The national debt currently is more than $22,000,000,000,000 – that’s $22 trillion dollars – and growing by the minute. No one in Washington seems very concerned about it. What’s worse is that this situation has existed for decades.
Data from the Office of Management and Budget shows that of the ten presidents who were in office when the debt grew the most, all but two were 1970 and after.
In case you can’t call them to mind, they are, in order: Richard Nixon, Gerald Ford, Jimmy Carter, Ronald Reagan, George H.W. Bush, Bill Clinton, George W. Bush, Barack Obama, and Donald Trump.
The four who ran the highest deficits, as reported by Kimberly Amadeo, writing in The Balance, are, from worst to least bad:
• Barack Obama, leading the pack with $6.785 trillion.
• President George W. Bush is next, racking up $3.293 trillion.
• President Ronald Reagan added $1.412 trillion.
• President George H.W. Bush created a $1.03 trillion deficit in one term.
However, Amedeo explains, blaming the president is too easy because other factors play a role. She listed the following:
1. The president has no control over the mandatory budget or its deficit. That includes Social Security and Medicare benefits. These are the two biggest expenses any president has.

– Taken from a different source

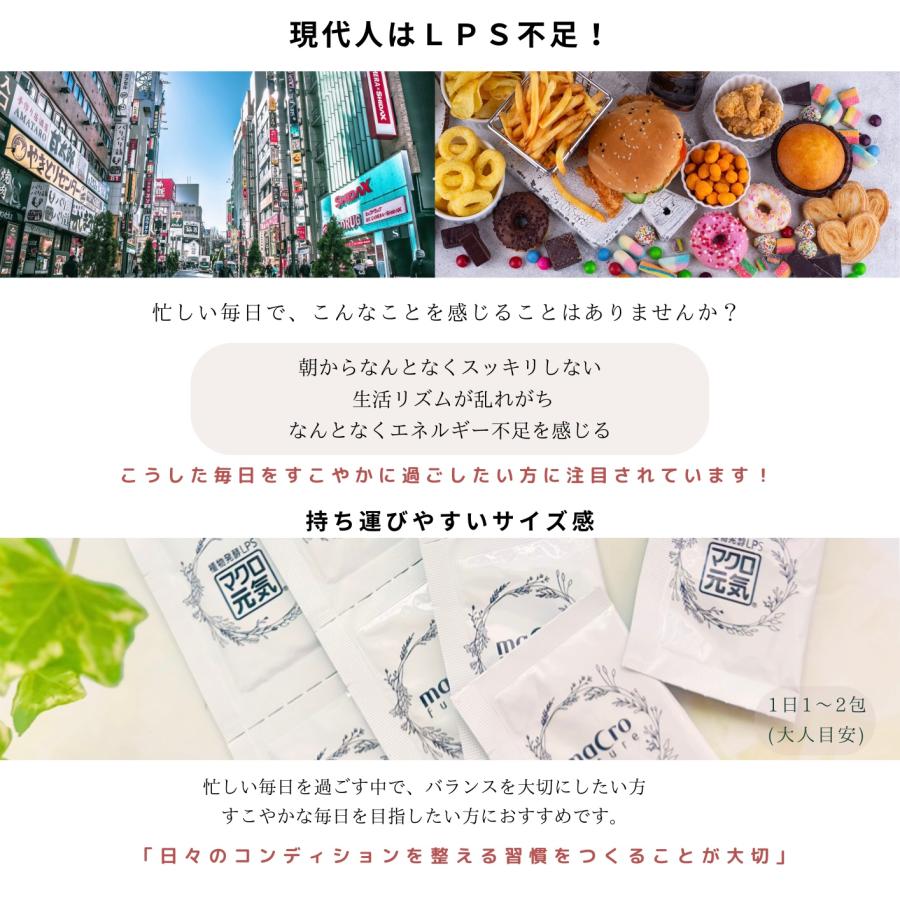 マクロ元気 120包 賞味期限2021.4月 特許成分配合LPSサプリメント「マクロ元気」120包超お得パック｜食物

2. The Constitution gave Congress, not the president, the power to control spending. The president’s budget is just a starting point. Each house of Congress prepares a discretionary spending budget. They combine them into the final budget that the president reviews and signs.
3. Each president inherits many of his predecessors’ policies. For example, every president suffered from lower revenue.
4. Some presidents have to deal with catastrophic events. President Obama responded to the worst recession since the Great Depression. President Bush reacted to the 9/11 terrorist attacks and Hurricane Katrina. Their required responses came with economic price tags.
The point here is that every year since Nixon was elected president, except for four, there has been a budget deficit, and that is a serious problem that is not being addressed. The national debt is more than six times the annual federal revenues of recent years.
Justin Bogie, Senior Policy Analyst in Fiscal Affairs at The Heritage Foundation, addressed this problem in an article last month.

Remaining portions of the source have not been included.